**Work task:**
Please repeat word for word the line containing "Satyrium (Nordmannia) acaciae" and every following line up to and including the last one below, pictures excluded.
++++
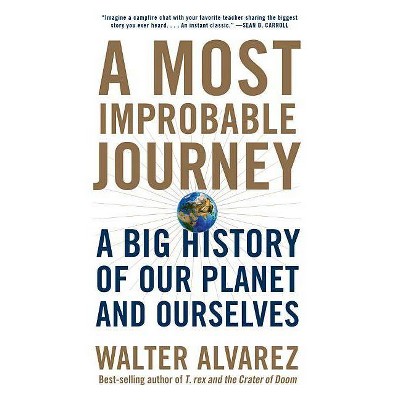 A Most Improbable Journey - by  Walter Alvarez (Paperback)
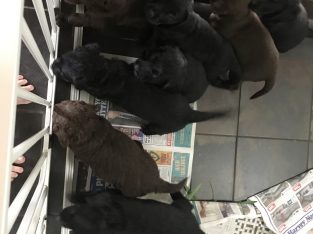 Lab cross retrievers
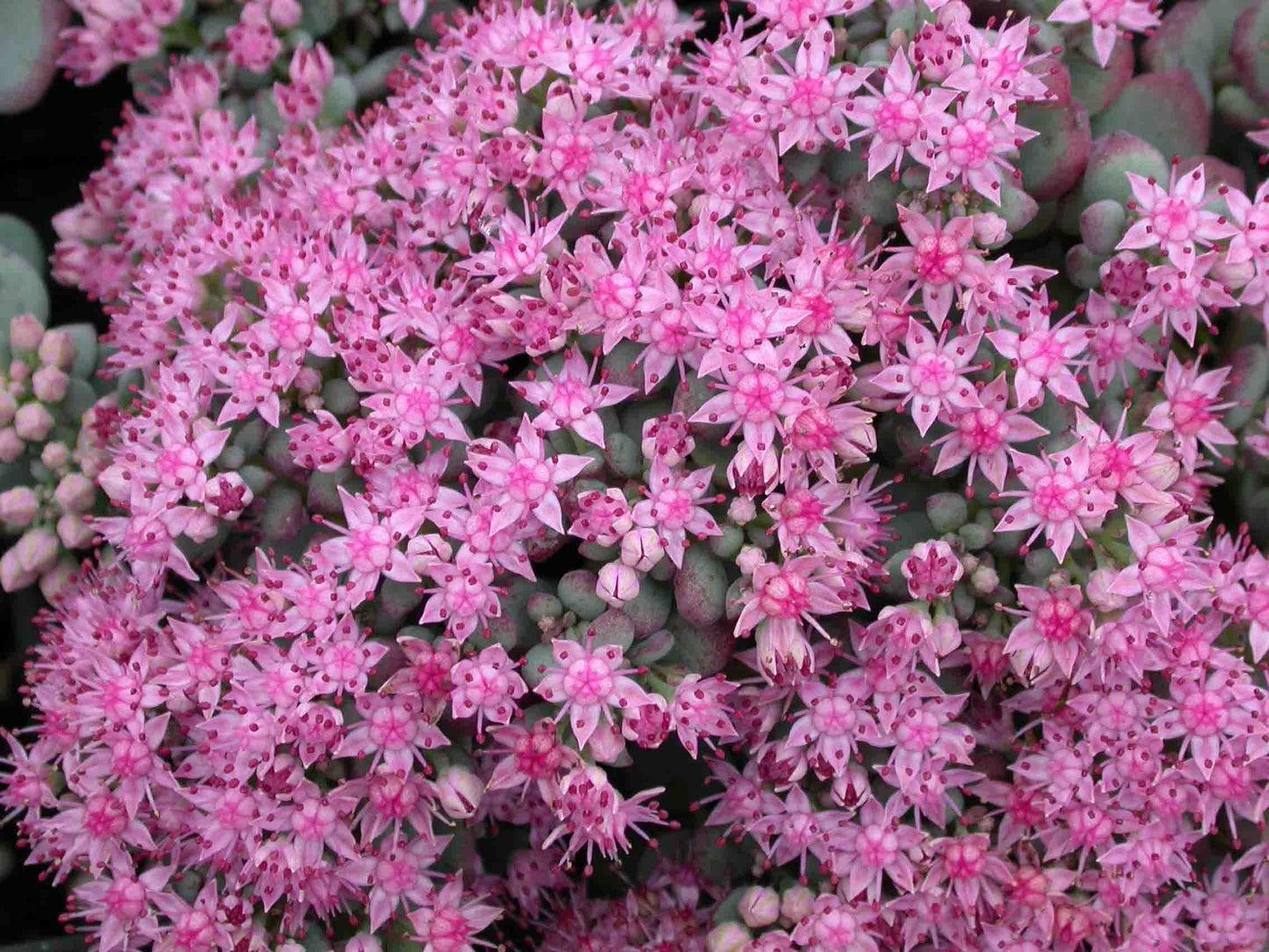 October Daphne Stonecrop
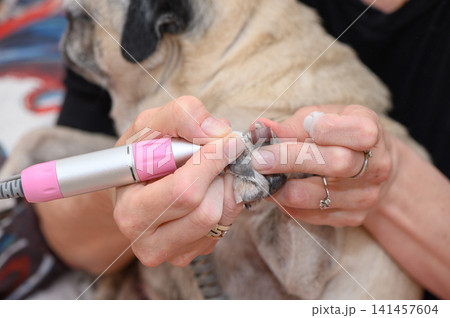 trimming dog's nails with electric clipper in indoor setting close-up on hands and paw routine pet care process at home or office space for grooming services and owner care. trimming dog's nails with electric clipper in indoor setting close-up on hands and paw routine pet care process at home or office space for grooming services and owner care. 141457604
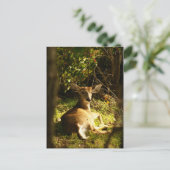 Young Buck Post Card Postkarte (Stehend Vorderseite)
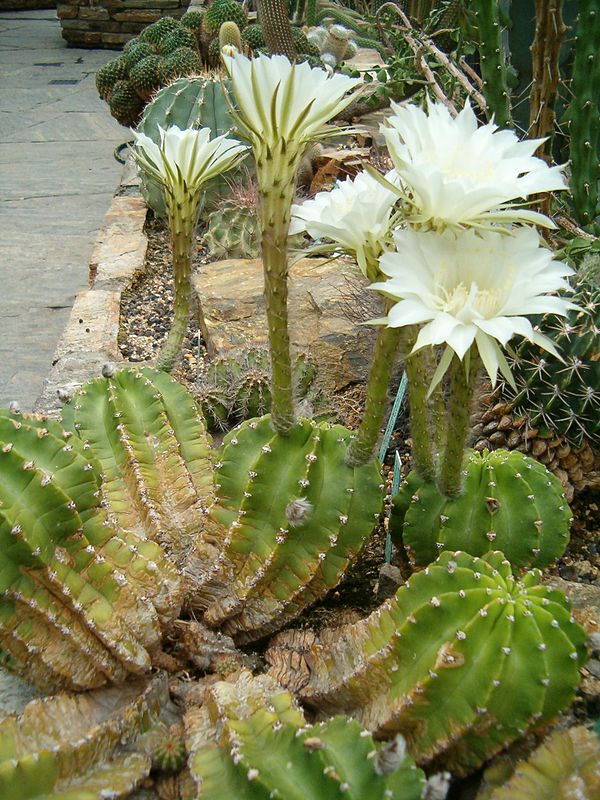 Echinopsis eyriesii (Echinopsis eyriesii)​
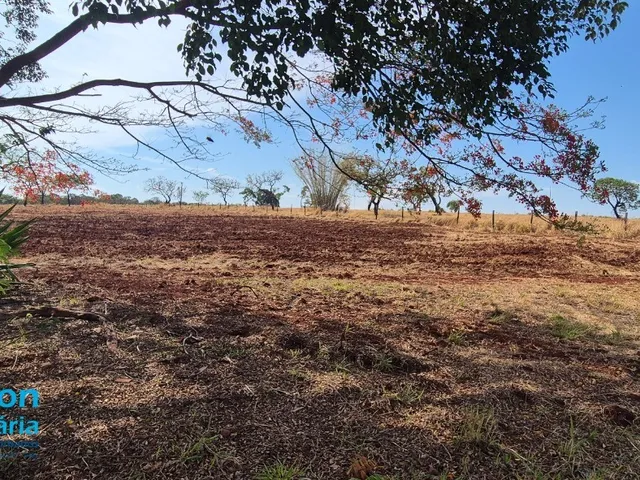 Imagem 7: Chácara em Indianópolis MG com 2 hectares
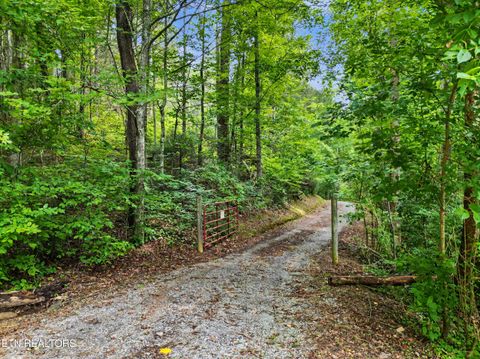 Tiny photo for 1006 Dry Valley Rd, Townsend, TN 37882 (MLS # 1346016)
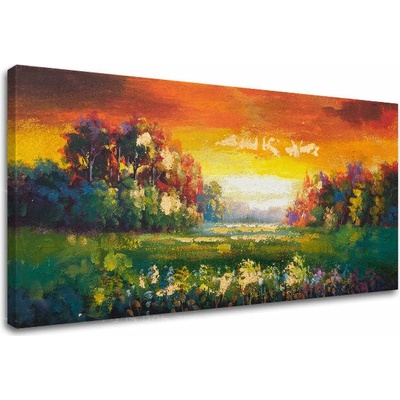 Obraz na plátne LÚKA - 100x50 cm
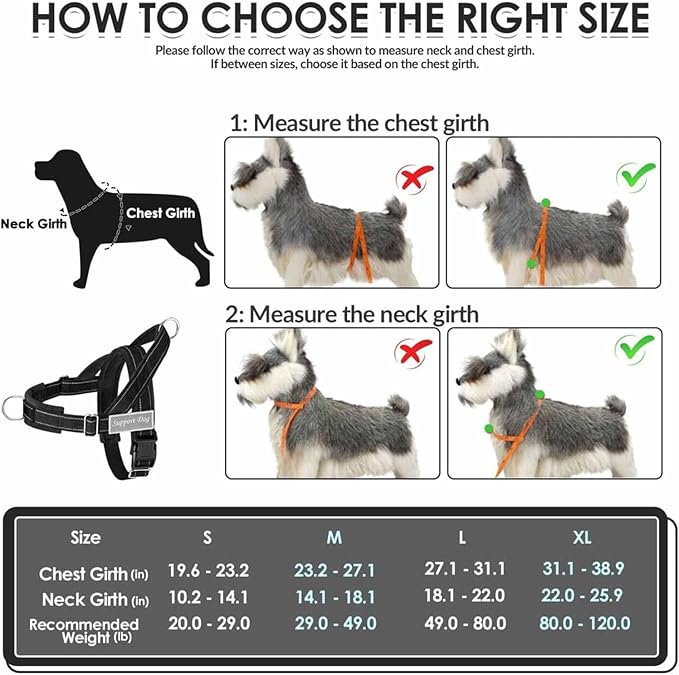 Lukovee No Pull Dog Harness and Leash Set, Soft Padded Vest with Front Clip | Adjustable, No Choke, Reflective,Durable Easy Control Pet Vest Harness for Safe Walking for Medium Large Dogs (Black, XL) - Image 5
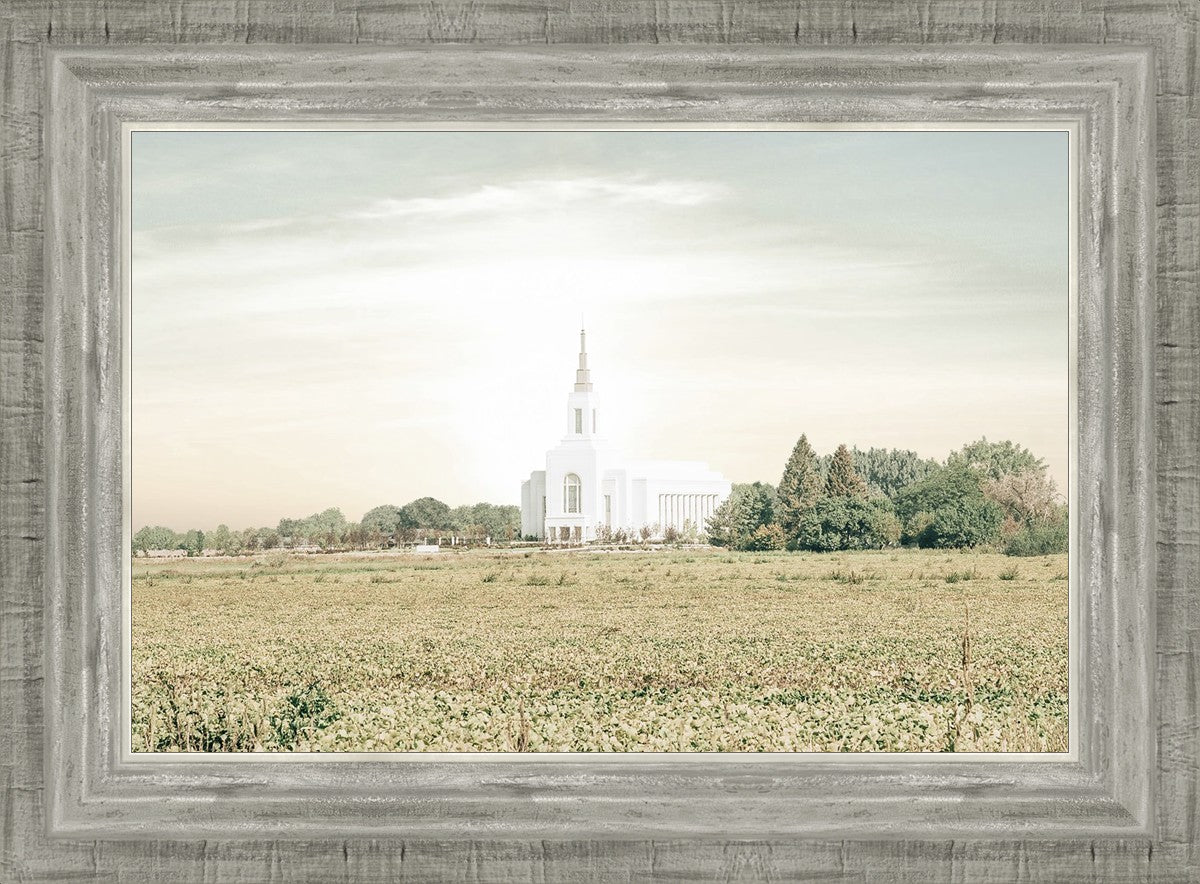 Burley Idaho Immaculate Embrace Pastel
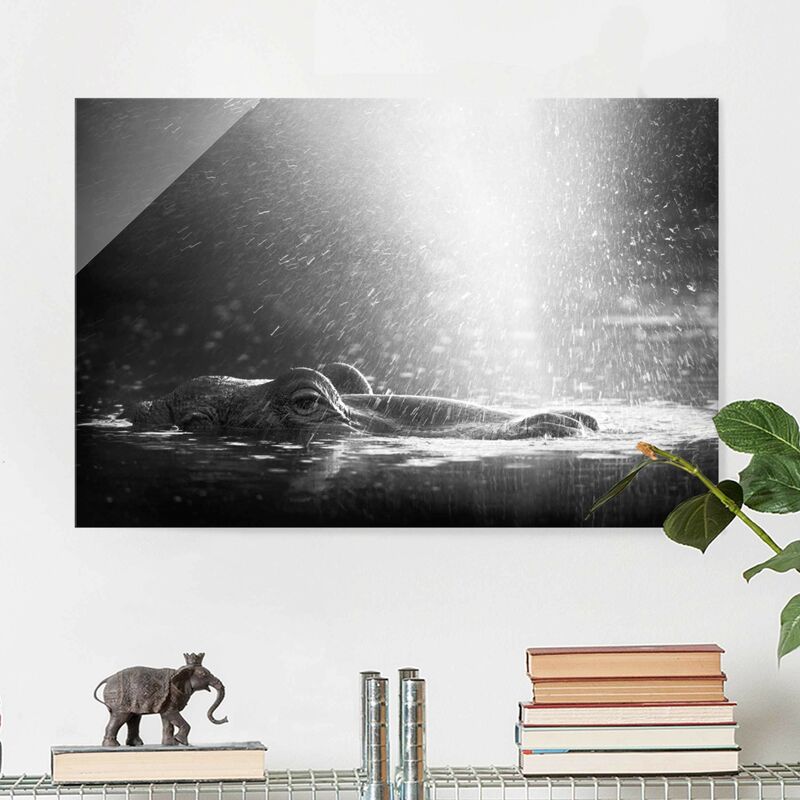 Bilderwelten - Cuadro de cristal - Hippo bob up - Apaisado 2:3 Dimensión LxA: 60cm x 90cm
Bilderwelten - Cuadro de cristal - Hippo bob up - Apaisado 2:3 Dimensión LxA: 60cm x 90cm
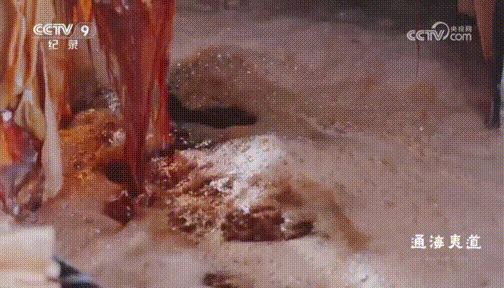 央视热播纪录片《珠江》中的南沙→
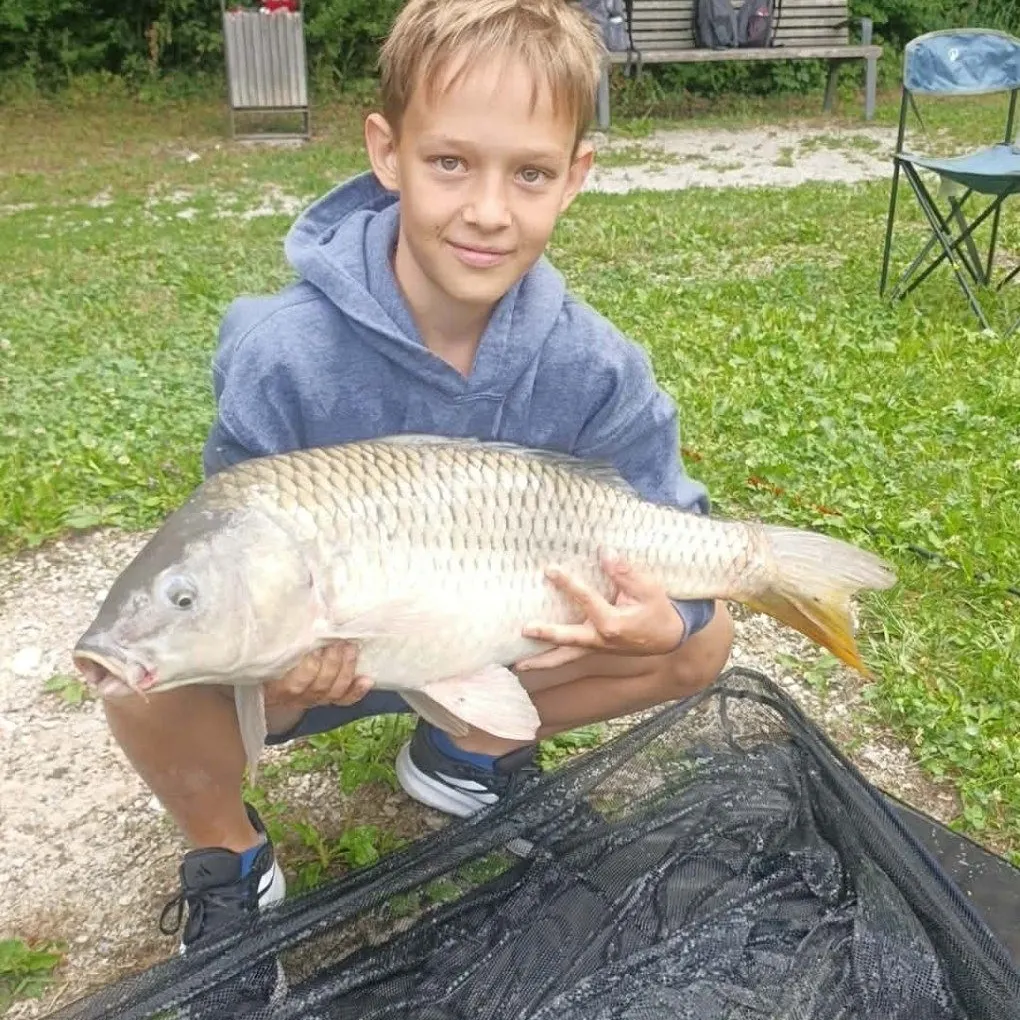 Common carp caught on Fishbrain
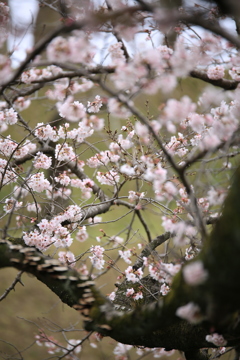 桜の樹のそばで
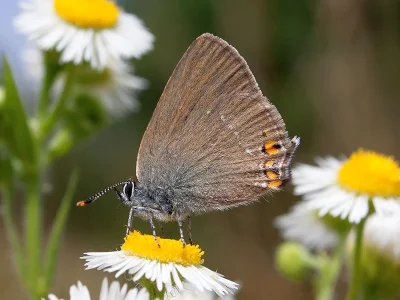 Satyrium (Nordmannia) acaciae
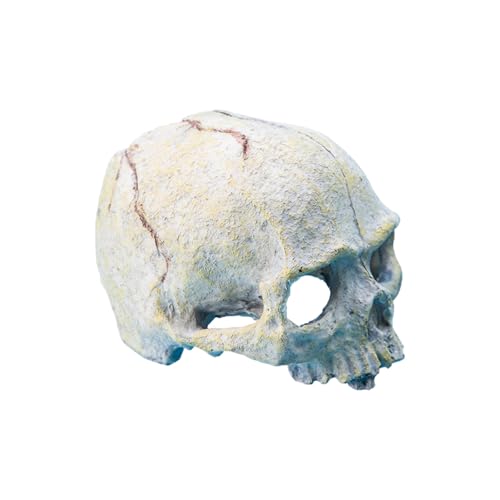 NPXUAMTJ Schädel Figur Reptilien Verstecke Höhle Fischtank Dekorative Accessoires Für Varoius Amphibianer Terrarien Landschaftsverzierung NPXUAMTJ Schädel Figur Reptilien Verstecke Höhle Fischtank Dekorative Accessoires Für Varoius Amphibianer Terrarien Landschaftsverzierung von NPXUAMTJ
++++
**Answer to this exercise:**
 Satyrium (Nordmannia) acaciae
 NPXUAMTJ Schädel Figur Reptilien Verstecke Höhle Fischtank Dekorative Accessoires Für Varoius Amphibianer Terrarien Landschaftsverzierung NPXUAMTJ Schädel Figur Reptilien Verstecke Höhle Fischtank Dekorative Accessoires Für Varoius Amphibianer Terrarien Landschaftsverzierung von NPXUAMTJ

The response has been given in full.